* **EXERCISE BRIEF**: The result should be every line of the listing that contains "LEFT".
*** DATA FOR ANALYSIS ***
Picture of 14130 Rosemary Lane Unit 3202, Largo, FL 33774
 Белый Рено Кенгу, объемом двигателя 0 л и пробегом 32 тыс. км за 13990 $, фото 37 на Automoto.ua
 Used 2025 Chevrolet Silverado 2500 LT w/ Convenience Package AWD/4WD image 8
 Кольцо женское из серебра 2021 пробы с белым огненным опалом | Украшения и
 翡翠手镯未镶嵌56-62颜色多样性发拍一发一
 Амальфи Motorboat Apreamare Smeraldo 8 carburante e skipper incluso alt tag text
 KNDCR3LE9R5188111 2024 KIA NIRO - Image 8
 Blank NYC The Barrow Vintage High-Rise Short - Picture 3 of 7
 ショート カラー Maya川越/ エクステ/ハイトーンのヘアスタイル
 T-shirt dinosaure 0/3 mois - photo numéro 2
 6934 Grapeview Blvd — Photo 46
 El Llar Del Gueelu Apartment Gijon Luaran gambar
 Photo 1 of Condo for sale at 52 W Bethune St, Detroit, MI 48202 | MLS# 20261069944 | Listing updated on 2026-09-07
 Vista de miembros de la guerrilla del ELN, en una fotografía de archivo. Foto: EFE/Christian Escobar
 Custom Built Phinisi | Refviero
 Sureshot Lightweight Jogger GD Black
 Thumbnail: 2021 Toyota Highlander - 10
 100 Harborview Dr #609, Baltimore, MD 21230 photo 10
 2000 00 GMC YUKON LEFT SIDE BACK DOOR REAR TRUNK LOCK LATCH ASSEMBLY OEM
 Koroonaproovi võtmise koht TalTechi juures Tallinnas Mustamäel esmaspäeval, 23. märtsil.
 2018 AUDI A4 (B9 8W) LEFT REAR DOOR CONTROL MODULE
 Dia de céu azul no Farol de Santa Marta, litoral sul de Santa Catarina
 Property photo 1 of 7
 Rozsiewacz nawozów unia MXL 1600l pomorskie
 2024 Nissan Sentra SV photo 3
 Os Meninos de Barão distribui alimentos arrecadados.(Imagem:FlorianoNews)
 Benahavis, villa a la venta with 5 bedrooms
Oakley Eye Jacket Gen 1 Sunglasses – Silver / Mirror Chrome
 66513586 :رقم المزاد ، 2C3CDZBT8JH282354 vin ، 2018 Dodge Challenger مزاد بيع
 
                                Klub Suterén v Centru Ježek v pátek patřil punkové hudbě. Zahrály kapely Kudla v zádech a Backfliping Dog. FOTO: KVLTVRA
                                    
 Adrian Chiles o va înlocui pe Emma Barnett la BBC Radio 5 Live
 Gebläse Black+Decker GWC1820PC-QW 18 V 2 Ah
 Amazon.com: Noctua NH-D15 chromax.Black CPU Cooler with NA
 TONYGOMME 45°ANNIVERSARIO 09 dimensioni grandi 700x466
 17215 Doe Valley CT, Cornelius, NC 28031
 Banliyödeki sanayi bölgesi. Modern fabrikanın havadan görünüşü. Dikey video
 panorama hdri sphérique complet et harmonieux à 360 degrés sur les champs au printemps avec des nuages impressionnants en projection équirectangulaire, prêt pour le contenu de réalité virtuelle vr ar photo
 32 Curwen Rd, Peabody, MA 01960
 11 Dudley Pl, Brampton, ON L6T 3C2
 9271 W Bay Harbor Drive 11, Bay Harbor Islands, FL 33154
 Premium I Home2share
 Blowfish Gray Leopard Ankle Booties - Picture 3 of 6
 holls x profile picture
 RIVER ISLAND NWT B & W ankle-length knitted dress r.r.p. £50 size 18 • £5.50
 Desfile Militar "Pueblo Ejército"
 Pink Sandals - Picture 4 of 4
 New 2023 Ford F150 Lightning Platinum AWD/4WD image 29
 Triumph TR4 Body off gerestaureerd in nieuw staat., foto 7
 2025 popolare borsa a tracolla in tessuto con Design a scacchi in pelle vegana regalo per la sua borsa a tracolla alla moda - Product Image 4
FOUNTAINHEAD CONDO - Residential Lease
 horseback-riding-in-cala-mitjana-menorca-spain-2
***
* **EXERCISE RESPONSE**:
 2000 00 GMC YUKON LEFT SIDE BACK DOOR REAR TRUNK LOCK LATCH ASSEMBLY OEM
 2018 AUDI A4 (B9 8W) LEFT REAR DOOR CONTROL MODULE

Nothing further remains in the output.